### To do:
Retype, word for word, each line between the lines holding "Wishlist free vs premium" and "79, THE ELMS, HERTFORD, SG13", inclusive, and leave the rest of the data alone.

### Supplied data:

▼

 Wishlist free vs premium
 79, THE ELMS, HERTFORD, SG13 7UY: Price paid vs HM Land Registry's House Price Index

▲
▼

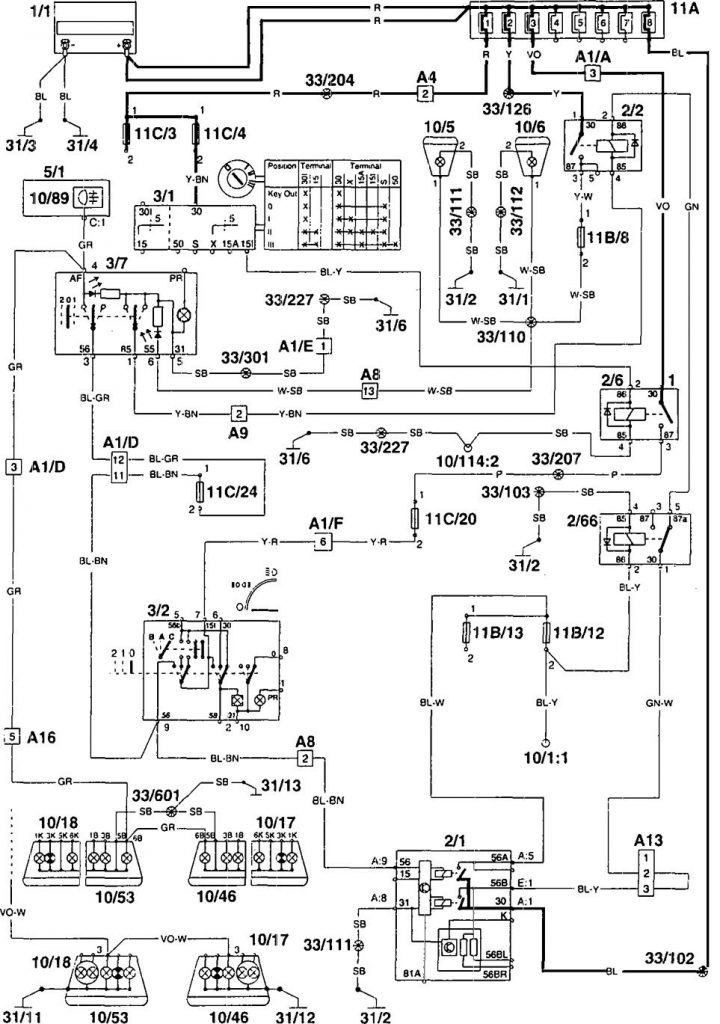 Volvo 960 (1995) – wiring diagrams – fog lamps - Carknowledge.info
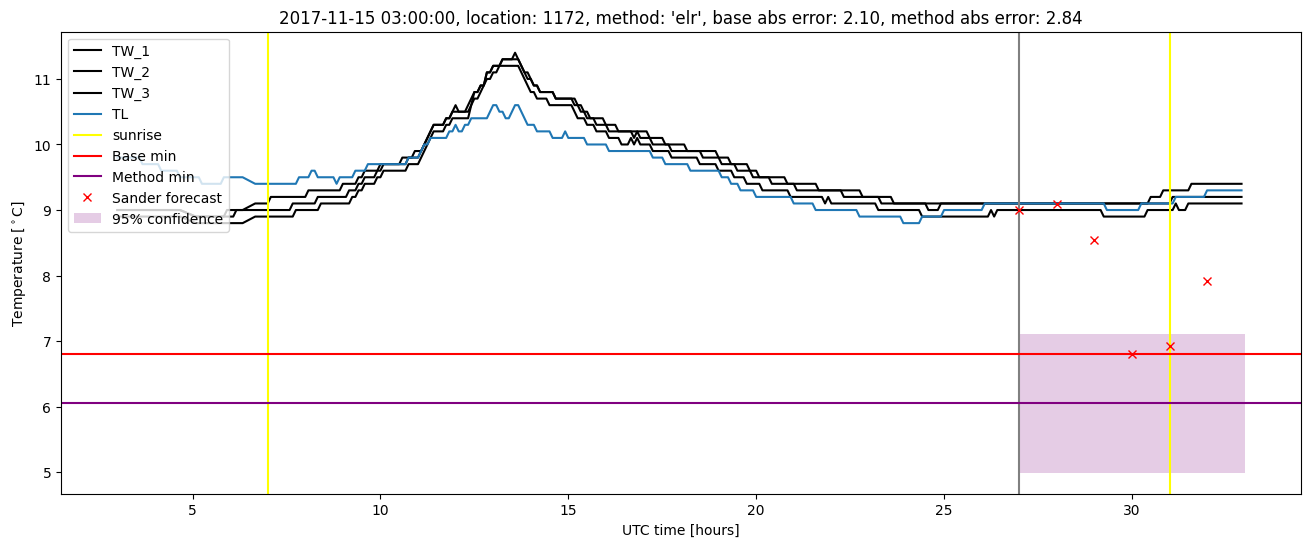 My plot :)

▲

### Expected answer:
 Wishlist free vs premium
 79, THE ELMS, HERTFORD, SG13 7UY: Price paid vs HM Land Registry's House Price Index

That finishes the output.